A Ypióca vendeu um dos seus oito ramos de atuação. Permanecem no grupo os setores de água mineral, papel, papelão, embalagens, produção de cana-de-açúcar, milho, feijão, leite e criação de suínos, caprinos e ovinos. Passam para o controle da Diageo a unidade de Paraipaba (Ceará), a fábrica de envasamento em Messejana (Fortaleza) e os centros de distribuição de Messejana e Guarulhos (São Paulo).

A negociação, que durou aproximadamente um ano, foi encerrada em US$ 469 milhões – quase R$ 900 milhões. Segundo a empresa britânica, a expectativa é concluir a transação em um mês e o objetivo é que com a nova aquisição o grupo aumente sua presença nos mercados emergentes.

É esperado que o grupo trabalhe também voltado para as demandas da classe média brasileira, que aparece cada vez mais no consumo das bebidas alcoólicas mais caras. "Vamos conservar o nosso portfólio extra premium, mas a nossa estratégia tem que ser adaptada a uma nova realidade, já que além da classe A – uma das nossas principais clientes –, a classe média também tem apresentado consumo crescente dos nossos produtos" explica.

Para comercializar tanto os antigos produtos do grupo quanto a cachaça Ypióca, a empresa vai se beneficiar dos 250 mil pontos de venda da Ypióca, além de agregar 150 mil pontos de venda da própria Diageo, que já vendem as marcas Johnnie Walker e Smirnoff.
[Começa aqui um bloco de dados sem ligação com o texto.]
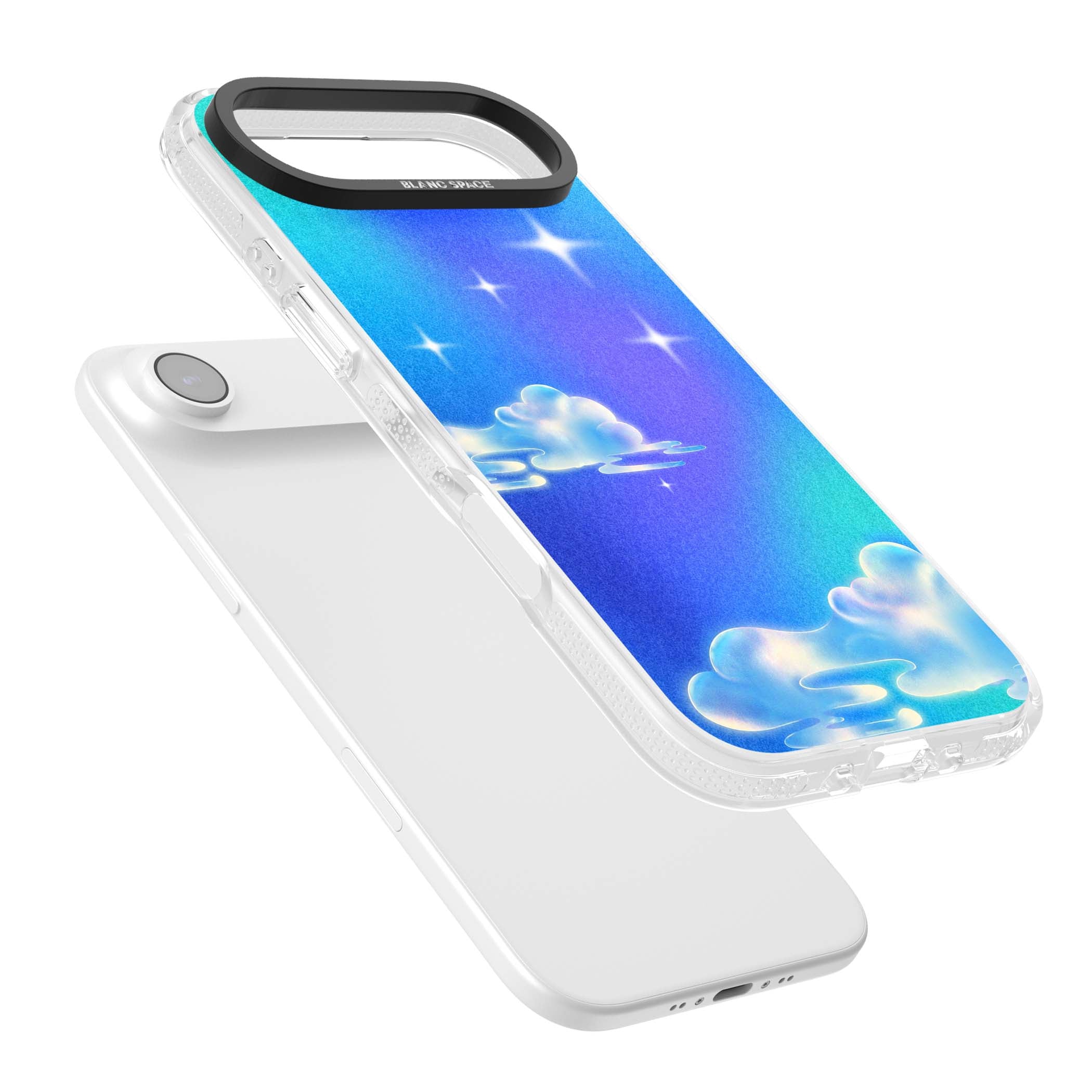Aurora celestial iPhone case featuring dreamy iridescent clouds, sparkling stars and pastel blue purple sky | Clear Case Impact Air case for iPhone Air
Com o negócio, a Diageo visa também ampliar a participação da Ypióca no mercado brasileiro, atualmente em 8%. Hoje, a cachaça registra 70% de suas vendas no Ceará e a intenção da empresa é buscar a expansão tanto para o Nordeste quanto para o resto do Brasil, além de fortalecer as marcas da Diageo no Nordeste.

"O objetivo é que o nosso grupo se beneficie da malha de consumidores da Ypióca no Nordeste, assim como a Ypióca se beneficie da malha de consumidores da Diageo", explicou o presidente da Diageo para o Brasil, Uruguai e Paraguai, Otto Von Sothen.

O atual presidente e sócio-controlador da Ypióca, Everardo Telles, permanece no conselho consultivo da empresa durante a transição durante os próximos dias, mas sem função executiva. O bisneto do fundador, Dario Telles de Menezes, fica com outros sete ramos de atuação. 

História

A Ypióca tem uma história de 166 anos de produção de cachaça. Tudo começou em 1846, quando foi destilado o primeiro litro de Ypióca, em Maranguape, na Região Metropolitana de Fortaleza. O português Dario Telles de Menezes mudou-se para o Ceará com o propósito de prosperar nos negócios e resolveu montar um grande alambique a partir de uma pequena cerâmica que trouxe de Portugal.

Em 1970, assumiu a empresa o atual presidente, Everardo Telles, que iniciou a diversificação de produtos, abrindo novas fábricas e ampliandoo mercado exportador, hoje em 40 países, com destaque para Itália, França, Espanha, Canadá, Hungria, México, Argentina e China.